Sorry if my post seemed spooky but till you see someones blood roll out at you like some horror movie and it 's no movie  it's your real life it stays in your mind.Because you could not stop it


----------



## big twig

Michael Ark, I understand what you are saying even though this post was just trying to get members to give some sort of geographical location so other members can help with any problems they may run into when it comes to smoking, because of altitude, temperature, etc., but also to make more comradery between smokers from the same area. I also feel for what you have dealt with on the other note because when I was younger my best friend got shot in the head in front of my face and in my own way of dealing with it and talking about it without spelling it out (his thoughts will always be on my mind, literally). This was really a lighthearted post about trying to make the act of helping other smokers get good advise without us having to pull teethe for the basics. I don't mean to be a downer or cause offence to anyone, I just agree with the concept of this post. I am sure anyone would protect their property and family but saying you are from the north east USA or So cal, etc. is not going to open your family up to home invasion, that will or won't happen no matter what you have on the SMF.


----------



## Bearcarver

I'm bumping this thread to get more people to get the original message of putting *roughly *where you are from in your Bio. That way it will come up at the top right of all of your posts, below your number of posts & when you joined the forum.

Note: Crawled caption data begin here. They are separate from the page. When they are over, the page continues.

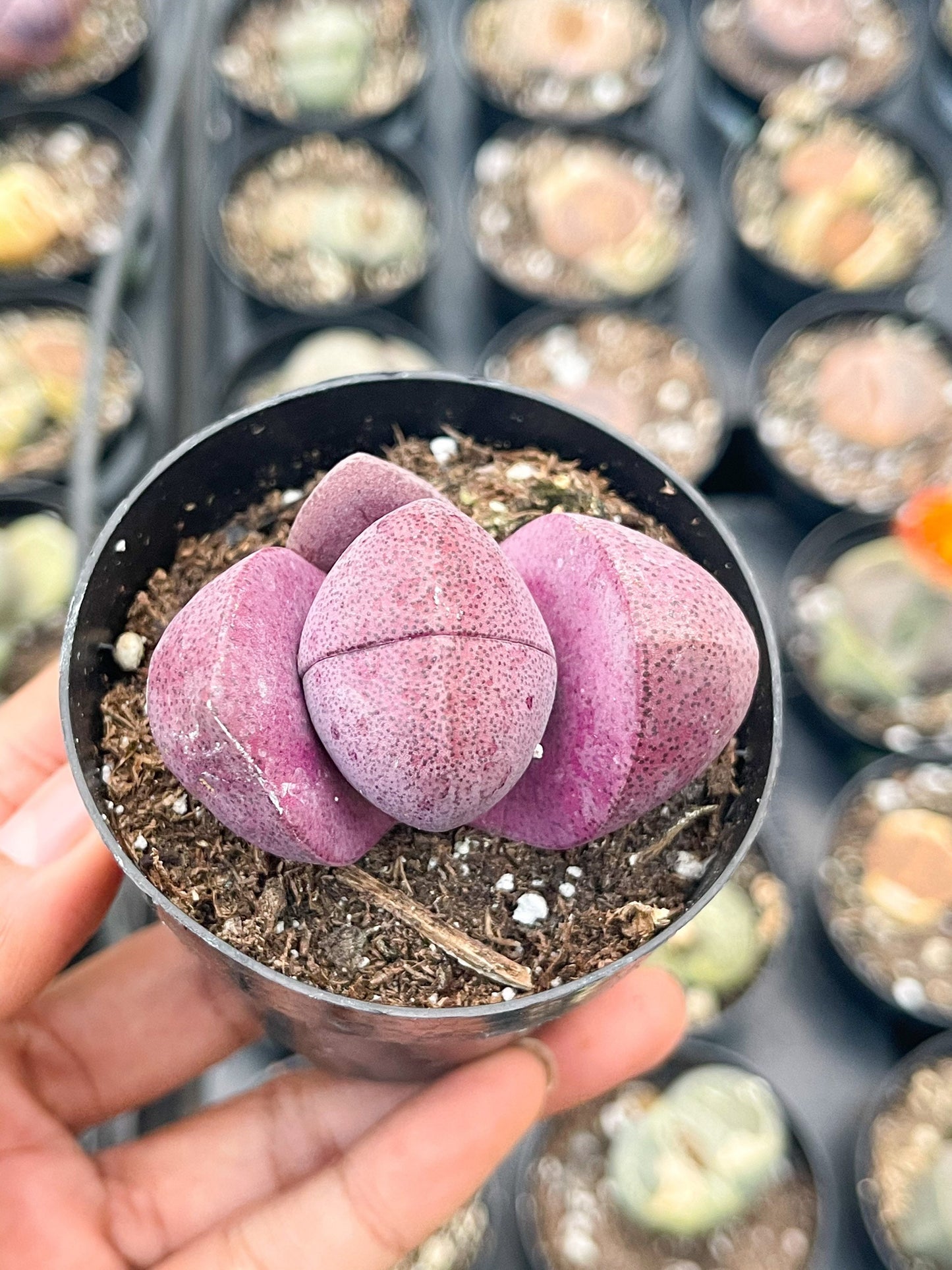 2” Royal Flush | Pleisopilos nelii cv. Royal Flush, Split Rock | Cleft Stone | Liveplants | Rare Plant | Lithops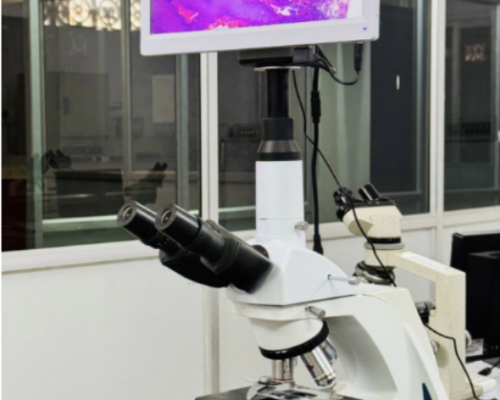 Screenshot 2025-10-10 at 12.34.13 PM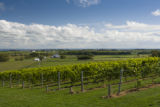 Tug Hill Vineyard, Lowville, New York.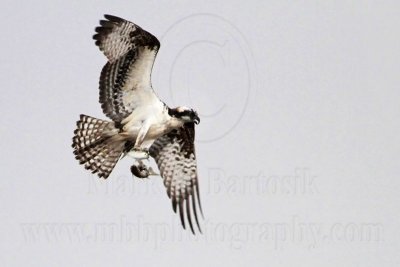 _MG_5141crop Osprey.jpg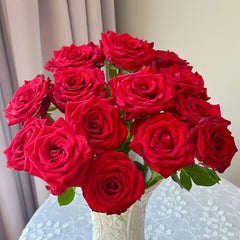 Bloody Rose Plant|布拉迪 image 2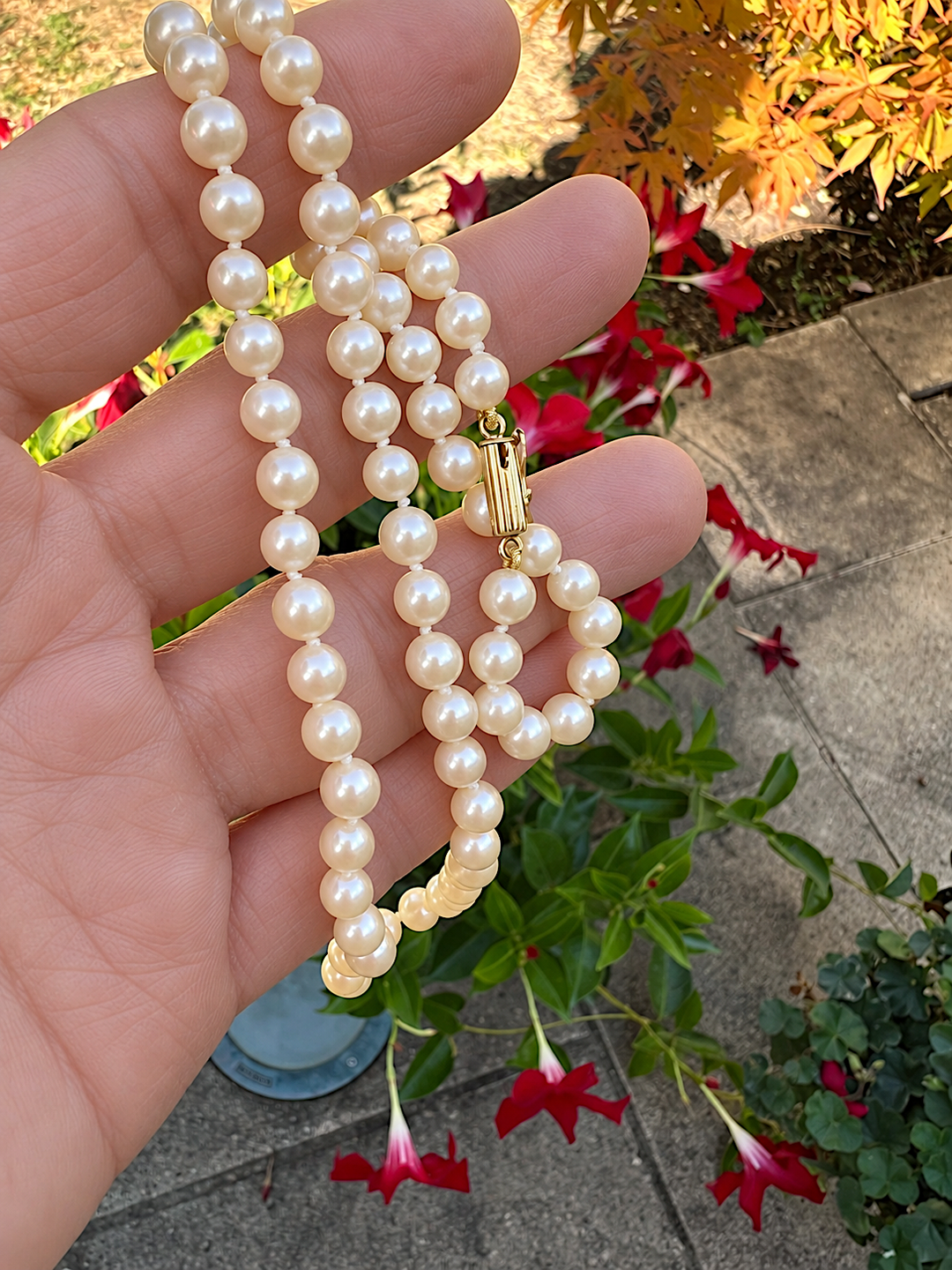 Gros plan du collier de perles de culture posé sur les doigts, en extérieur au jardin, bijou de luxe d'occasion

Knowing approximately where you are smoking, can often help us to help you.

Thanks,

Bear


----------



## eman

When we originally started talking about asking members to tell us where they lived we knew that some folks would not want to give out city and state. That's why we just asked that you give us a state and general area.

 (north east, south,  west Etc.)

In todays age of the internet  If someone wants to find you they can. I have an unusual  name and it is very easy to find anyone in my family across the USA.

  This info is very helpful in helping us to help you w/ problems you may be having when smoking.

 The trick , tips and tactics that i use down here in south louisiana may not work for you up in the mountains or out in the desert.

I like knowing when other members live close to me as i am allways up for a local gathering , fishing trip or group smoke. .


----------



## biaviian

Bear, you sure you aren't just gearing up for a "smoker roundup"?  Just to warn you, I have traps setup around my toys so you'll have a fight on your hands!


----------



## Bearcarver

Biaviian said:


> Bear, you sure you aren't just gearing up for a "smoker roundup"? Just to warn you, I have traps setup around my toys so you'll have a fight on your hands!


Punji Stakes?

Bear


----------



## michael ark

Here one take a wooden mouse trap cut a u notch out of the side that bar snaps down on .Super gule thumb tack to bar lined up with shotgun shells primer in u notch. Take a fishing line tie to were you put cheese.Nail to tree run trip wire across path the way the shells pointed.Can just use some primers
	

	
	
		
		



		
		
	


	





 to scare the ( it) out of someone or to scare deer off from garden.


----------



## biaviian

I have have to use those Punji Stakes around my driveway.  I'm getting tired of people driving in the grass!  I have a moat around it due to the ruts and the rain we've been getting.


----------



## Bearcarver

OK,

The methods of self home protection have now been listed above, so if anyone is afraid of some mean & nasty meat smokers coming to your house, we got that covered, so it should be safe to tell us roughly where you live.

If you don't think it's safe, don't put any location down, and we just might give the wrong information when you ask for help & advice.

We'll still try to help you the best we can.

Bear


----------



## nwdave

Uh, note to self, stay clear of Ark, unless I'm waving a beer in one hand and a smoked side of bacon in the other.


----------



## Bearcarver

Gotta Bump this again, because SmokinAl & I still keep running into people who are hard to help because which sate they are from is still a secret.







Bear


----------



## fpnmf

>>>This info is very helpful in helping us to help you w/ problems you may be having when smoking.  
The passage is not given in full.